Provided data
== == ==
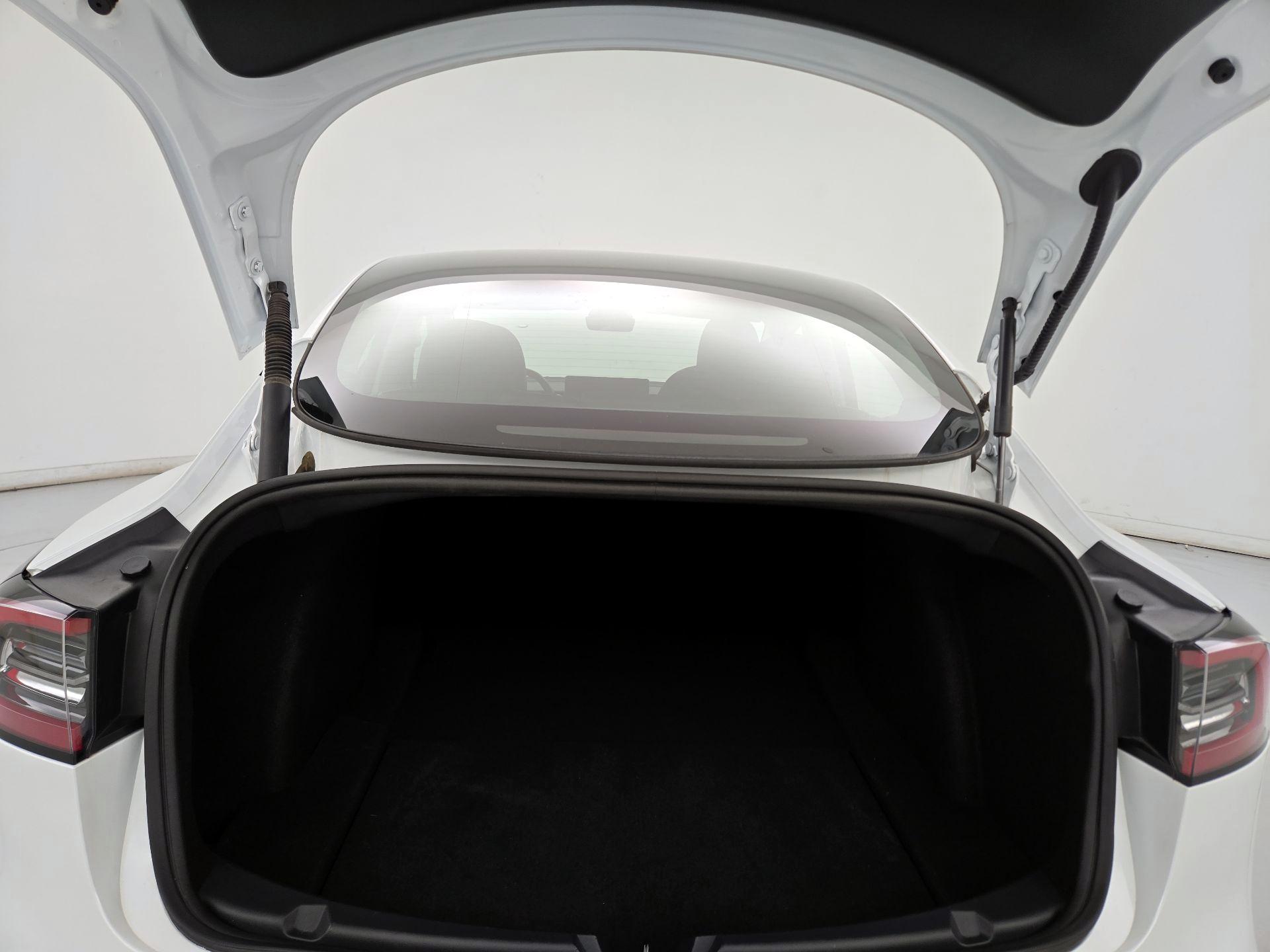 Thumbnail: 2023 Tesla Model 3 - 20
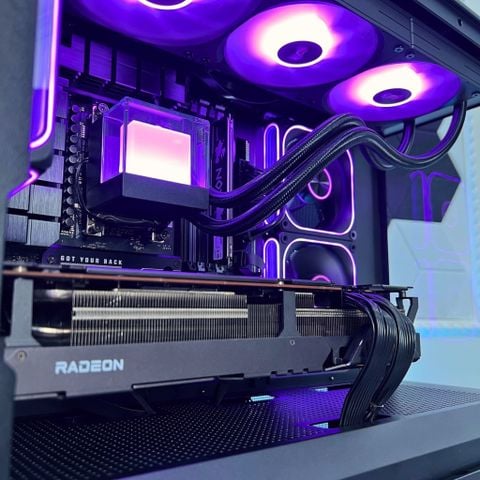 Ryzen7 7800X3D/RX 6900XT 16GB/RAM 16GB/NVME 512GB/B650M Asus TUF
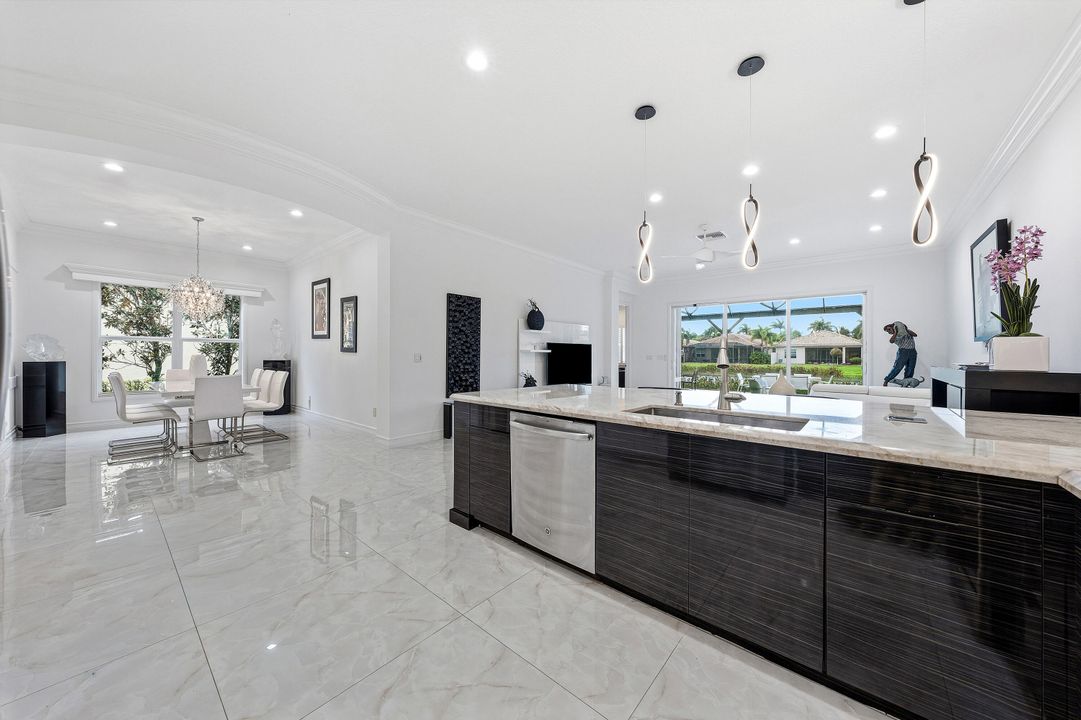 For Sale: $850,000 (3 beds, 2 baths, 1994 Square Feet)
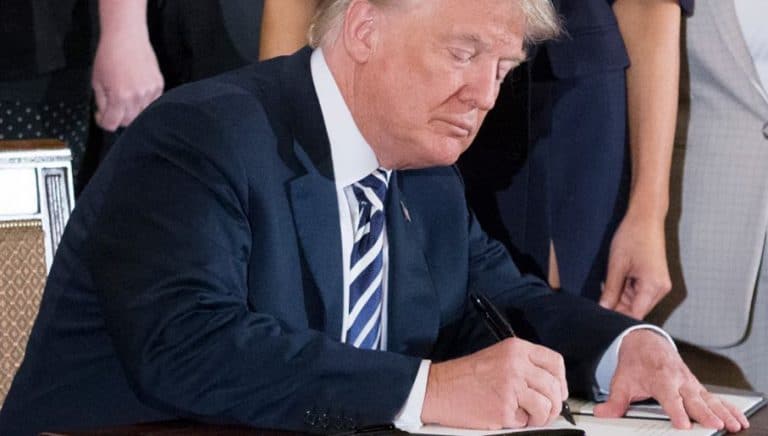 Trump podpisał ustawę 447 dotyczącą mienia pożydowskiego m.in. w Polsce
== == ==
Exercise goal
None of the pictures should be reproduced; all other material above must be set down exactly.

The answer
 Thumbnail: 2023 Tesla Model 3 - 20
 Ryzen7 7800X3D/RX 6900XT 16GB/RAM 16GB/NVME 512GB/B650M Asus TUF
 For Sale: $850,000 (3 beds, 2 baths, 1994 Square Feet)
 Trump podpisał ustawę 447 dotyczącą mienia pożydowskiego m.in. w Polsce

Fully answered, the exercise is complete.